Reflections on working with Ross….

Tom Barwood

As a result of delivering one of my typically ‘so far out of the box, design it on the back of an envelope’ style presentations at one of the IRIS Connect Teach Meets I was asked to do some work at Grieg Academy with those that, so far, have been reluctant adopters of the IRIS technology.

I felt somewhat awkward to be going there. I was being invited in by Ross McGill – an award winning teacher who has a blog following in the tens of thousands and over a million followers on Twitter. As with many things, I always seem to be the last one to find out and always trying to catch up. It seemed to start with my university applications and get steadily worse. Social media simply seems to have reinforced my self perception of being a bit of an unintentional Luddite and just a bit behind the game.

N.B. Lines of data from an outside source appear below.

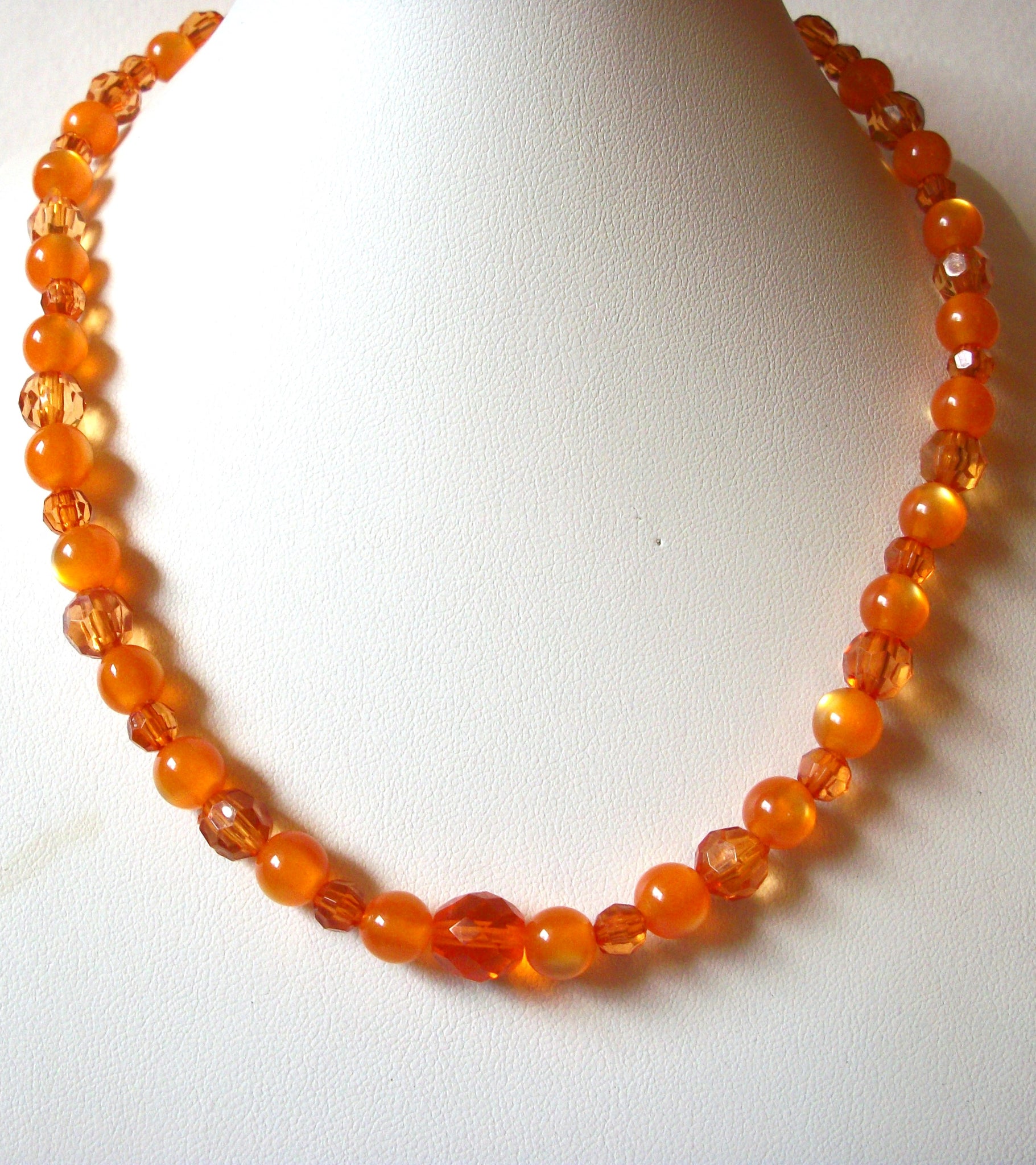 Retro Orange Moon Glow Necklace 82620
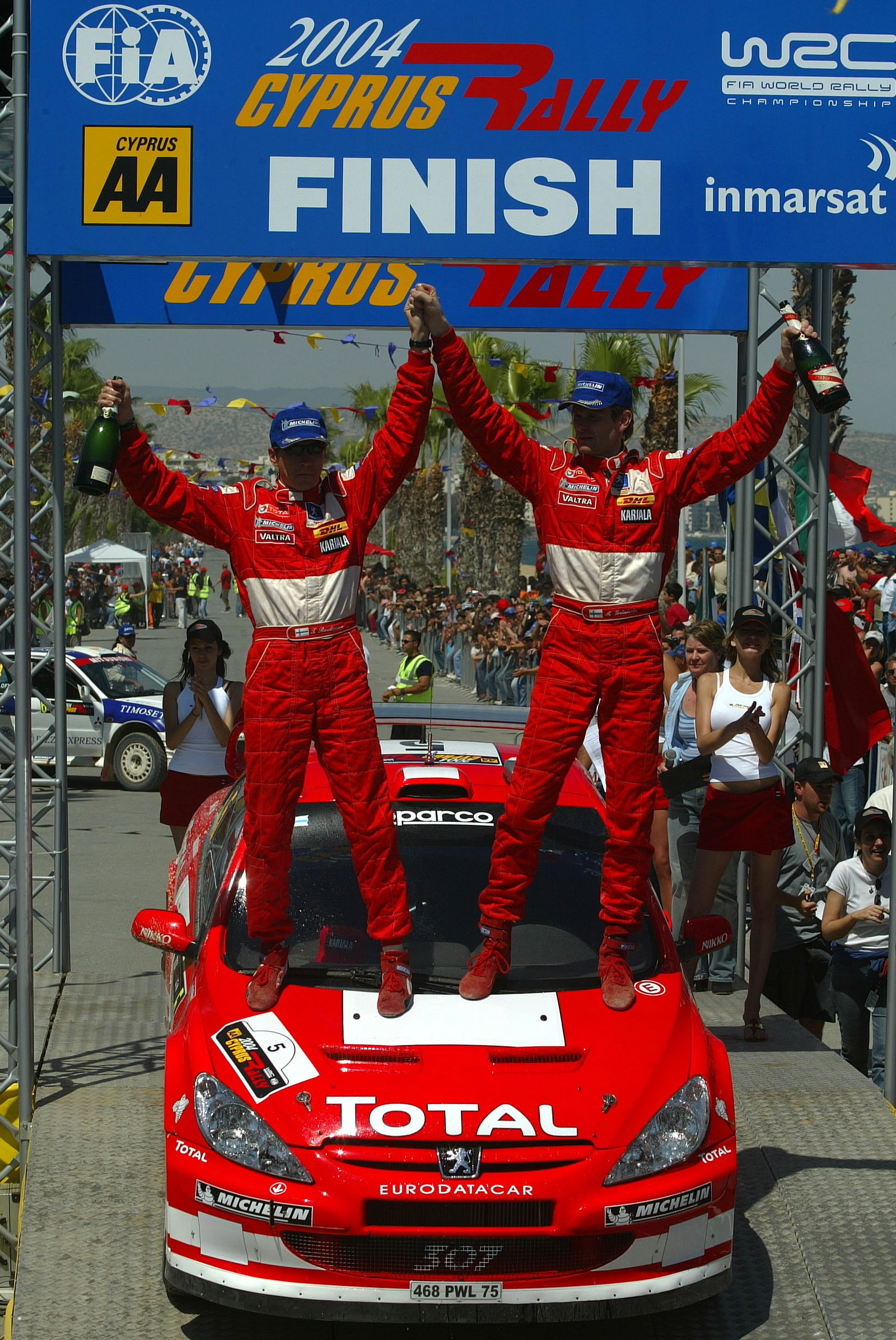 Cyprus Rally winners, Marcus Gronholm and co-driver Timo Rautiainen [Peugeot 307 WRC]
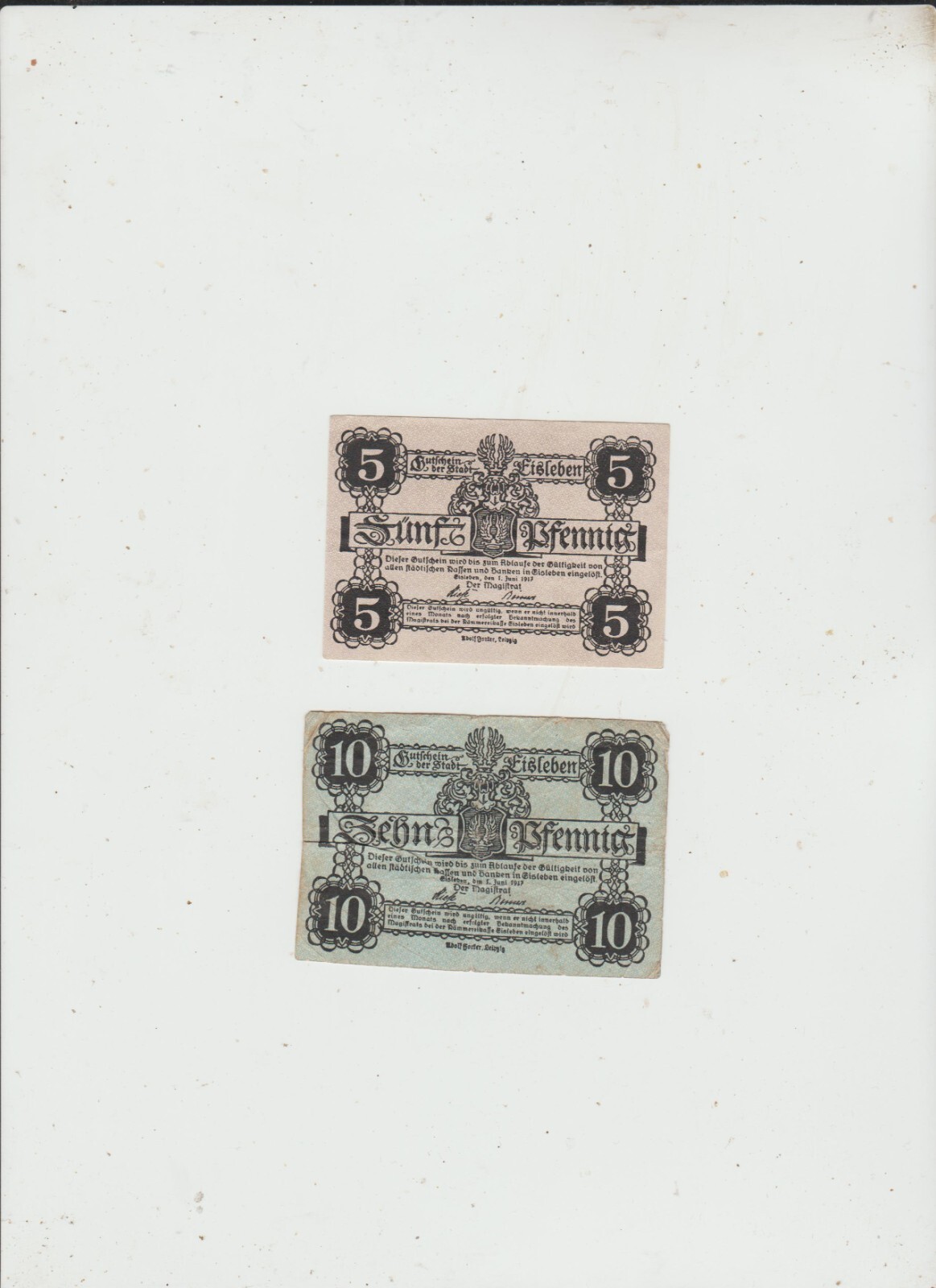 EISLEBEN  TWO  NOTES  1917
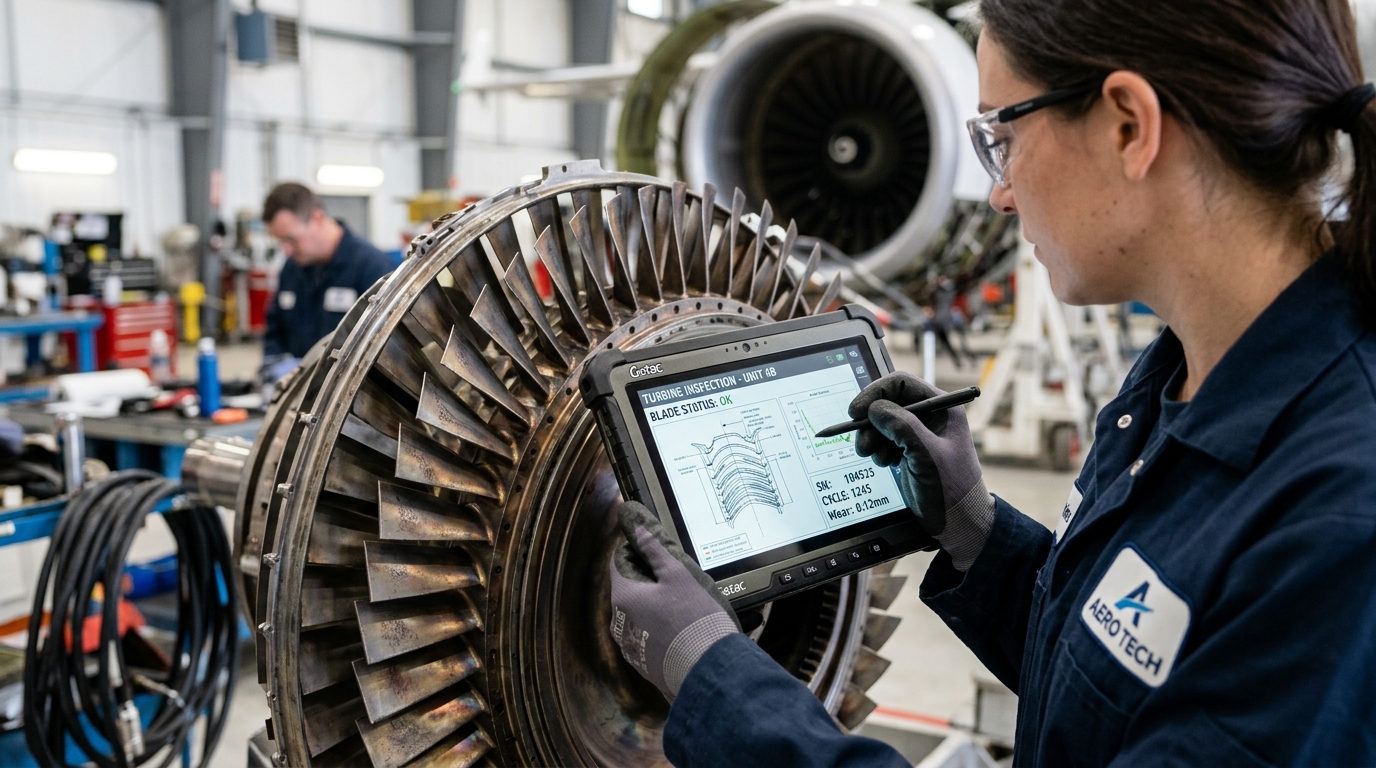 Close up of a technician inspecting a jet engine representing aviation asset utilization KPIs and maintenance efficiency.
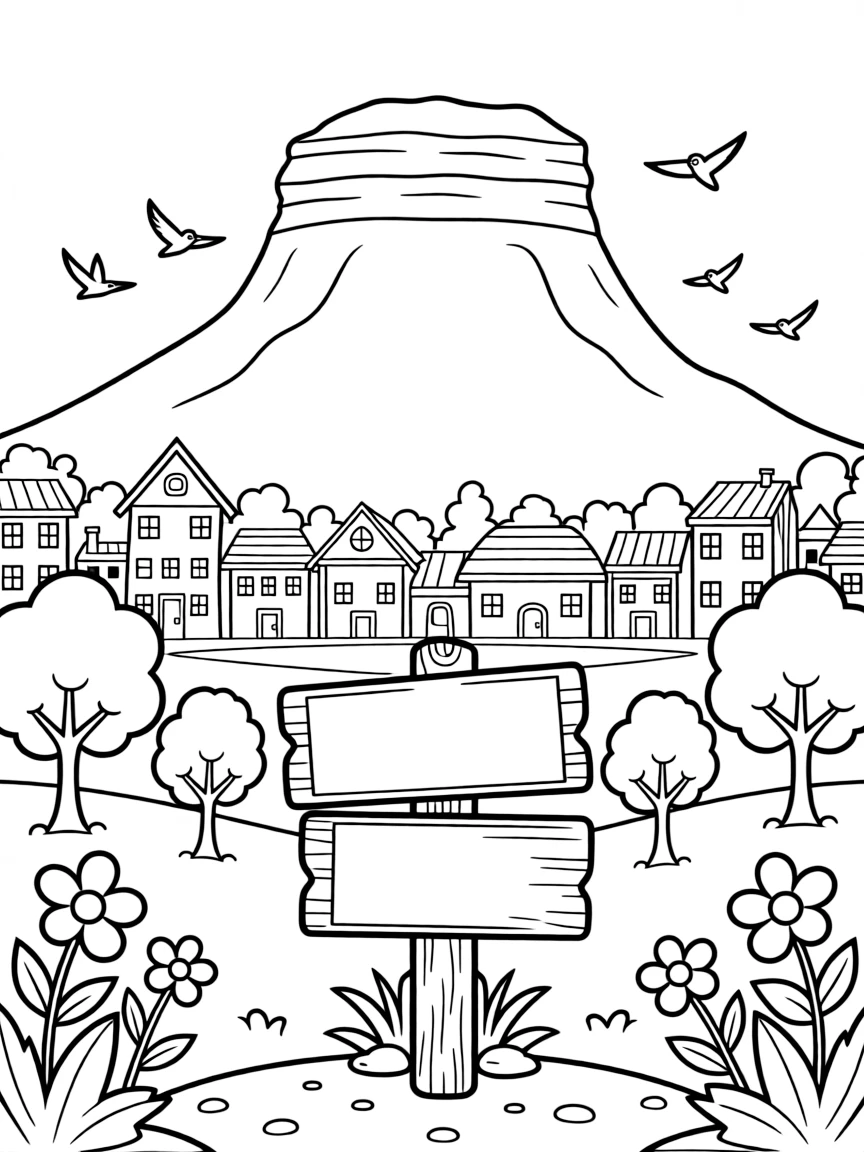 A coloring page inviting kids to explore South Africa through the flat-topped shape of Table Mountain rising above a coastal city, with small trees, flowers, and a signpost welcoming visitors nearby.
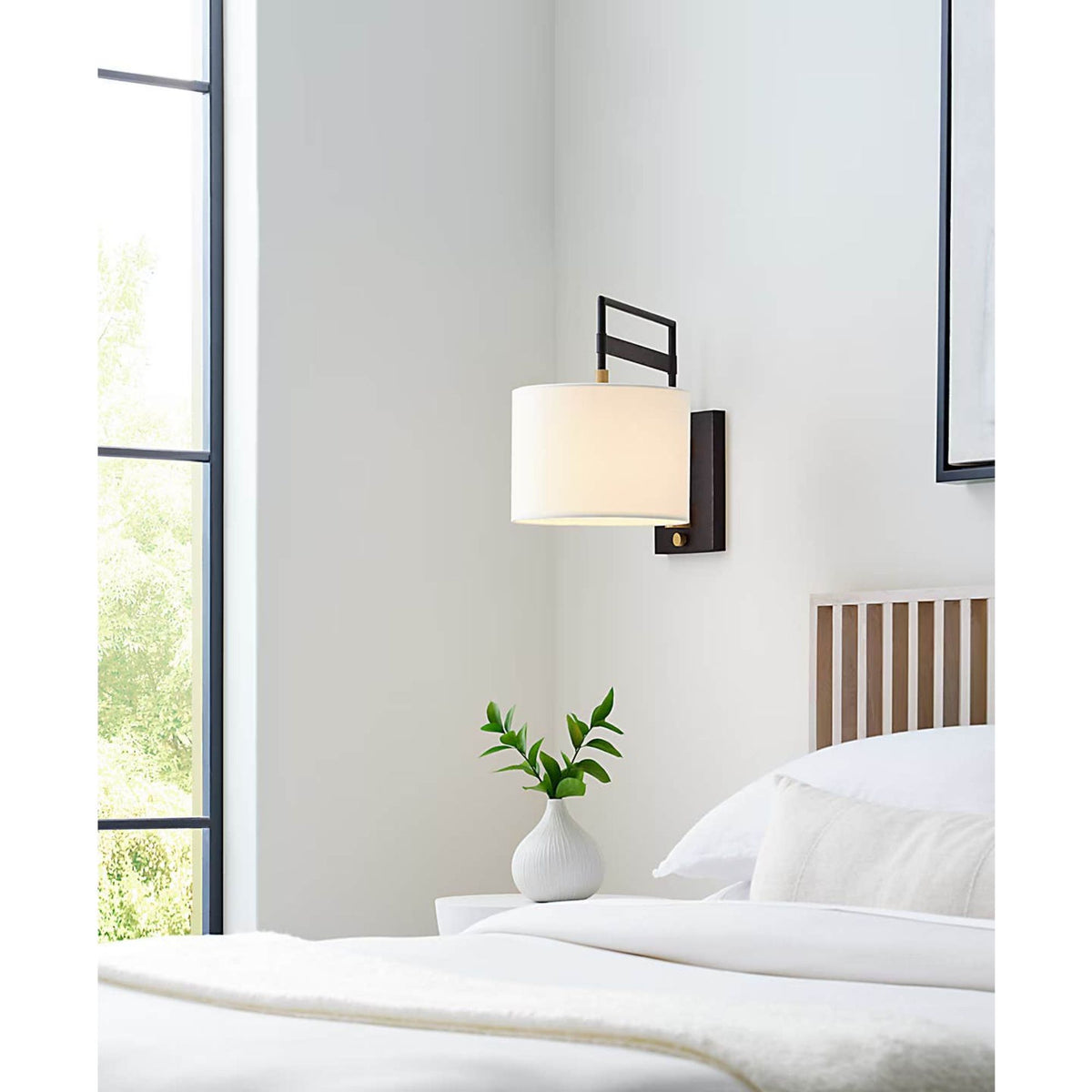 Ray Booth Gael Medium Articulating Wall Light in Warm Iron and Antique Brass with Linen Shade W11" x H15" x E20.5"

The title of the original presentation had been ‘Zen and the art of observation’. With no disrespect to the original author this was the genuine background to what I had to say. I do believe that when it is working well that teaching is a flow activity and not some carefully measured and scientifically dished out entity.

So – how was it? Well, it was great, as it nearly always is with teachers when you take the time to remind them of what it takes to teach well and how everyone has that capacity within them. My biggest worry with Ofsted’s grading of lessons was never about the grades but more that people internalised the grading i.e. on the basis of one inspection someone would say ‘I am an outstanding or inadequate teacher’. No, you are not you are simply someone whose teaching has currently been graded outstanding or inadequate by Ofsted. That grade might change the very next day or if you were then inspected by someone else or if you asked the kids.

I remember once naively asking pupils in my first school (a fee paying school) if they would be happy to burn £35 of their parent’s money (what I had estimated each lesson cost) as that is what they were doing by not paying attention. This backfired when one of the pupils in the next lesson told me that now he knew the value of the lesson he didn’t think he had had his money’s worth!

I promised to make up the ‘difference’ next lesson and it became quite a fun form of AfL to ask at the end of every lesson whether it was good value or not.

So maybe we should a try that as a new idea?